Deutscher Hip-Hop ist in Frankfurt verwurzelt. Mit den GIs kam in den 80er Jahren die amerikanische Kultur nach Deutschland und entfachte ein inspirierendes Movement. Filme wie „Beatstreet“ oder „Wild Style“ beeinflussten die neue Hip-Hop Generation und prägten Rapper wie D-Flame oder Moses Pelham. Auch die Frankfurter Clubkultur hatte maßgeblichen Einfluss auf die Entstehung von Rap in Deutschland. Umgeben von Breakdance pumpten amerikanische DJs in Clubs wie dem Funkadelic lauten Hip-Hop durch die Speaker – eine spezielle Atmosphäre, die an die Bronx erinnerte. Egal ob Rap, Graffitis oder Breakdance – alles war ein Versuch aus der Anonymität herauszutreten und für das eigene Können Aufmerksamkeit zu bekommen.
Zu dieser Zeit fand Rap allerdings nur in der Muttersprache des Hip-Hops statt: Englisch. Doch Anfang der 90er veränderte sich einiges, denn die multikulturelle Szene sah sich rassistischen Angriffen ausgesetzt. Rapper zeigten Widerstand, solidarisierten sich und sprachen sich gegen Rassismus aus – auf der eigenen Sprache. Das Ziel war klar: sie wollten gehört werden. Rap über Hautfarbe, Diskriminierung oder marginale Lebenswirklichkeiten stellte eine Identifikationsmöglichkeit für viele dar. Songs wie „Fremd im eigenen Land“ von Advanced Chemistry brachten diese Gedanken auf den Punkt. Die Musik als Zufluchtsort, in dem Sorgen und Probleme offen kommuniziert werden können, ist in der Dokumentationsreihe ein wichtiges Thema. Zwischen sozialer Kälte, Armut und Kriminalität offenbaren sich auch die Schattenseiten dieser Welt. So zeigt beispielsweise der Rapper Azad in seinen Tracks die hässliche und perspektivlose Seite des Lebens.
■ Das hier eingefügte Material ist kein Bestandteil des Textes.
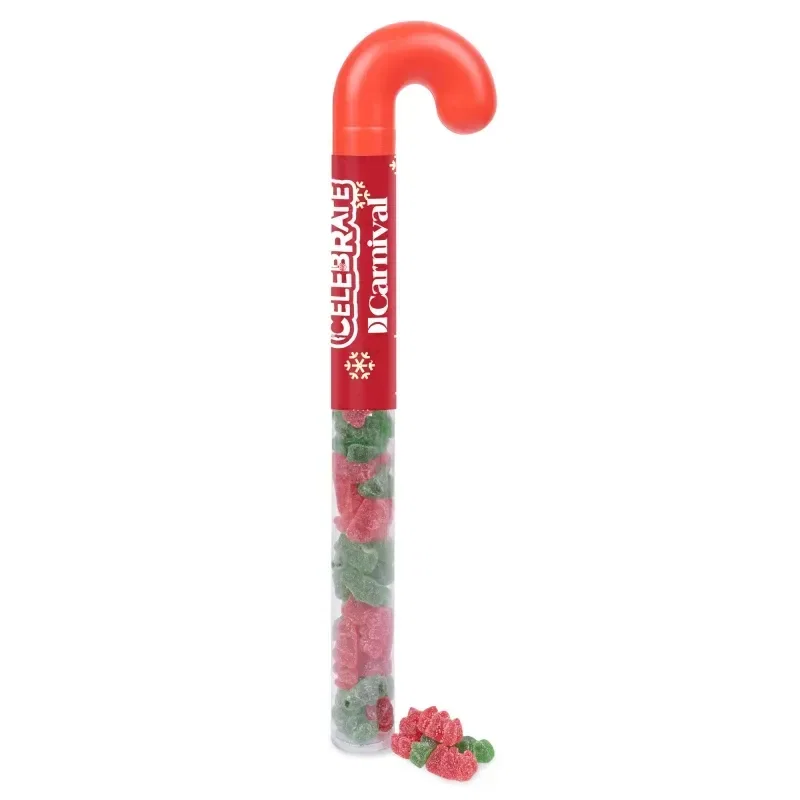 Holiday Candy Cane Tube with Sour Gummy Bears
Doch auch wenn Frankfurt als das Herz des Deutschraps angesehen wird, ist das Genre nicht nur an Orten wie der Nordweststadt zugegen. Während der Musikproduzent Bazzazian den dortigen Sound als düster, hart und von Herzen beschreibt, zeigt Aggro Berlin in den 2000ern aggressiv aufgeladenen Rap. Etwas rassistisch, etwas frauenfeindlich – einfach „so wie man im Viertel zueinander ist und wie man miteinander spricht“, meint Sido. Hauptsache es ist provokativ und erregt Aufmerksamkeit.
Obwohl Rap im Laufe der Jahre in der Mitte unserer Gesellschaft angekommen scheint, ist der Kampf um Akzeptanz trotz allem immer noch groß. Besonders Frauen müssen um ihren Platz in der Szene kämpfen. Trotzdem ergattern Rapper wie Haftbefehl den Status als moderne Dichter dieser Epoche. Sie verwandeln die Sprache der Straße in Musik, erzählen auf poetische Weise und mit viel Realness ihre Geschichte und etablieren Rap deutschlandweit.
Die vierteilige hr-Doku wird am 23. und 30. September sowie 7. und 14. Oktober um 22:30 im hr-fernsehen ausgestrahlt und ist ab sofort in der ARD-Mediathek zu finden.